Task objective:
All lines from the first line of the material up to and including the line with "Meurtres en blouse" must be copied exactly, and no others.
↓
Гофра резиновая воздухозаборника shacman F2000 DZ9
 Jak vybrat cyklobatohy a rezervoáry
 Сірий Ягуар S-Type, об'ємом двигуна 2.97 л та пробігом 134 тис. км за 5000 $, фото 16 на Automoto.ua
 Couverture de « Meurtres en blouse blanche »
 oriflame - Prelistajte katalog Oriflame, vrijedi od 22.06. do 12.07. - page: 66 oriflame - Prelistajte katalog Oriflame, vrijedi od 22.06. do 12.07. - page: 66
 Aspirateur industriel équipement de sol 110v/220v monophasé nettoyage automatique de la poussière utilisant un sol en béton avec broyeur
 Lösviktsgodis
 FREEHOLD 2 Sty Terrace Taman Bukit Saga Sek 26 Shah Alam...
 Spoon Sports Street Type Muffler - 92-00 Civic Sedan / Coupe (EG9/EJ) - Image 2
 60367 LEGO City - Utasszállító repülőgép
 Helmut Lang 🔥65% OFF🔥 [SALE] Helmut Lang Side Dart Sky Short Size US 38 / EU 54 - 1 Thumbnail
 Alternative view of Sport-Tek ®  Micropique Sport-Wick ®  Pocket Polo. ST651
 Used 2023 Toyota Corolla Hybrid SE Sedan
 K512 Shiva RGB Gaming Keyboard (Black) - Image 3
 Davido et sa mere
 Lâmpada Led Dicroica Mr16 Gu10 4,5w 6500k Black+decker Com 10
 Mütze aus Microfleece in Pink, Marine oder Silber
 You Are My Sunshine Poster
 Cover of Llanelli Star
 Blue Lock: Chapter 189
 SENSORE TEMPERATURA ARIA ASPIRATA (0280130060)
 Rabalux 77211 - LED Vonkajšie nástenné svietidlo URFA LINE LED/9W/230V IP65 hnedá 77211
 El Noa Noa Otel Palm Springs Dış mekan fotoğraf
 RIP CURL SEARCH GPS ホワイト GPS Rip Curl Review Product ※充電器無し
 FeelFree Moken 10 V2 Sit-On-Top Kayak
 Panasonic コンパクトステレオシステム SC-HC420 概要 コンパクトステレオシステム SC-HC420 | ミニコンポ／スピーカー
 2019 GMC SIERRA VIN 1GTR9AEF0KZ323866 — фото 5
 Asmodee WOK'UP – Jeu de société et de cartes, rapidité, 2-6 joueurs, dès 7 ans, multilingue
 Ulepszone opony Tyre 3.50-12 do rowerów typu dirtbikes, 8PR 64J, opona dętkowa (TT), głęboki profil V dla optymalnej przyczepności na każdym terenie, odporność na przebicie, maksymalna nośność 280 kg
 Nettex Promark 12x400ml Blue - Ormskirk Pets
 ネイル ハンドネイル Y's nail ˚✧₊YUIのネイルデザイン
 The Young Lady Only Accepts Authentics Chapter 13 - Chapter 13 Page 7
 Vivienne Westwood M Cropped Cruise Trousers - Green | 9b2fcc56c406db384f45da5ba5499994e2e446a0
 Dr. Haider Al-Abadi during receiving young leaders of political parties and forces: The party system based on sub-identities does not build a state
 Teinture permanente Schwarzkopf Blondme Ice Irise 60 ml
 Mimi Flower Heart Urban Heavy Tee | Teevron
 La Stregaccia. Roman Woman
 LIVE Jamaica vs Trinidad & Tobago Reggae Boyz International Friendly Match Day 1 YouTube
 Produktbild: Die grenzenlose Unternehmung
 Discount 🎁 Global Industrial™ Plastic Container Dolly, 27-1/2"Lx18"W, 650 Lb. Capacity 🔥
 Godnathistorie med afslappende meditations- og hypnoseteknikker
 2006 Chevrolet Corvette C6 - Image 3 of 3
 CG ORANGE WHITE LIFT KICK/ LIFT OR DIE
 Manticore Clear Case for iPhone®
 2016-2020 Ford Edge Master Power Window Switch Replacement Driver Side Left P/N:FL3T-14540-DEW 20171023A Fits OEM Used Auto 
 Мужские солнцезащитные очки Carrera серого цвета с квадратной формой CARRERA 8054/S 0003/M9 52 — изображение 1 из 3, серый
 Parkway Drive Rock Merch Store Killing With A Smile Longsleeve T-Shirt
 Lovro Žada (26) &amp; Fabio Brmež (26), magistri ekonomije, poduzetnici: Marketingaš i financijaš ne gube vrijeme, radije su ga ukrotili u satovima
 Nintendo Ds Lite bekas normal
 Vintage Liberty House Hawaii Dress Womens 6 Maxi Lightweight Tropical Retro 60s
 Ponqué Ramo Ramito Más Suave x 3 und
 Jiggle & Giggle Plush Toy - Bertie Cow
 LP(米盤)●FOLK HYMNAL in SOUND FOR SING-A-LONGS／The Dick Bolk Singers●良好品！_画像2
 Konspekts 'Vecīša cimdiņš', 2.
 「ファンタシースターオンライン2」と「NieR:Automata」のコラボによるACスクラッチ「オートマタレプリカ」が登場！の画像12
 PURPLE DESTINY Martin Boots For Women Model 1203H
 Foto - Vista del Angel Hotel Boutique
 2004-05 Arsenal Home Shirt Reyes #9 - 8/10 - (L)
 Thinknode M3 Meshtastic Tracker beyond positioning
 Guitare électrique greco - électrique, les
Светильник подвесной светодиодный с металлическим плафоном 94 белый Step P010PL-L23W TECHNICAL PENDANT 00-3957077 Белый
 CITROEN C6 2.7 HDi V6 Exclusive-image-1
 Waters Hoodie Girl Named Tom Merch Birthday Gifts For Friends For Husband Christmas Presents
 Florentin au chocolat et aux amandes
↑
Task response:
Гофра резиновая воздухозаборника shacman F2000 DZ9
 Jak vybrat cyklobatohy a rezervoáry
 Сірий Ягуар S-Type, об'ємом двигуна 2.97 л та пробігом 134 тис. км за 5000 $, фото 16 на Automoto.ua
 Couverture de « Meurtres en blouse blanche »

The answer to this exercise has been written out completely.